Friday, June 19, 2015

The Scale Mail Corset: Completed Mock-Up & Deciding on a Construction Technique

So, tonight I finished my mock-up! It fits pretty well. I guess doing all the "grunt work with calculations paid off in spades, because it looks pretty darn good.


I was going to be lazy and forego setting the grommets, but I decided to go ahead and do it anyways so I could get an accurate idea of how it would lace up. The next time I make a corset, though, I'm going to use lacing tape. Most makers temporarily install it with two rows of stitching and then rip it out.

To fuse or not to fuse: that is the question

Some of my previous corsets were made with fusibles for the strength layer. The issue with this is they always seem to develop minute wrinkles as soon as any tension is put on it. This live journal post from the corsetry group corroborated this issue.
This is what I don't want happening to my dupioni! A shame, the corset is a nice color and shape.
Sumptuous silk corset by Colleen Green--look at those wrinkle-free panels!
I asked for some advice on the corsetry group and got the following suggested construction method from the maker of this beautiful corset: Dupioni fused to twill for floating outer layer. 1 layer of coutil with twill tape used for bone channels (2 at each seam) and then a floating lining

This method is pretty much what Scarlett recommends, with the addition of the fused outer layer. I'm not sure I want to mess with fusing--that's the problem.

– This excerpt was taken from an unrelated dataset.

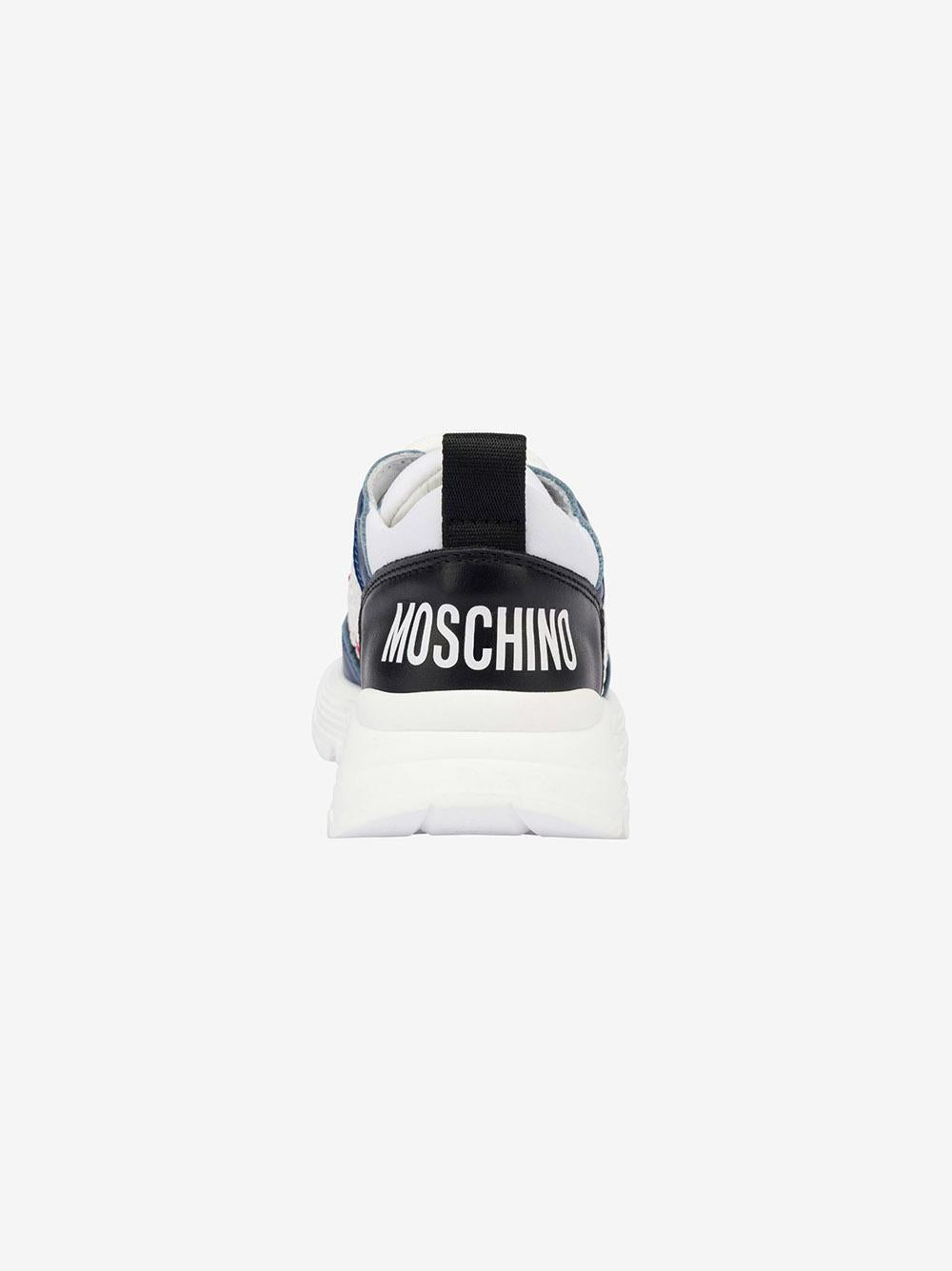 Sneakers in rete e pelle di vitello con logo 80450 01 MOSCHINO KIDS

Corset by Evening Arwen-much simpler, fusible-free technique
On the other hand, this corset seems to be made in a perfectly serviceable way using a simpler technique: "The outer Lavender fabric is silk dupioni. Inside is material specifically for corsets called coutil. The fashion fabric has been flatlined to the coutil to give it a lot of strength. "

Corroborating this method is the owner of Redthreaded (her work quality truly speaks for itself….truly incredible stuff!)
"Personally I have had no issue with using dupioni as a fashion layer flatlined directly to the coutil, with casings stitched through. I do work in a bit of roll pinning while flatlining to help take the strain of the dupioni and account for turn-of-cloth. (I don't fuse)."

The trade-off is that this corset has visible outer seam lines. However, I know I could roll-pin the dupioni to coutil and get a good outcome. I will also be using the dupioni on its strongest side--horizontally! Vertical dupioni is pretty but not nearly as strong (from prior experience, confirmed by others too).

My original plan with this corset was to make it simply, precisely and as strong as possible….so I'm leaning more towards a fusion of Scarlett's method and the ones cited directly above. If the cupid corset didn't have such prominent seam lines and clear bone casings I'd probably do the other method minus the fusing, but this seems to be the best idea. The bone casings are made of coutil too, so there will be 2 good layers of fabric encasing the bones and the floating lining to prevent wear-through and friction.

Bonus: I remembered that the scales will be covering the front panels, so any slight "wonkiness" I may encounter with wrinkling will be dealt with and I can further troubleshoot next time.

Onwards we go! The Silk Baron fabric has shipped and should be here hopefully by Friday.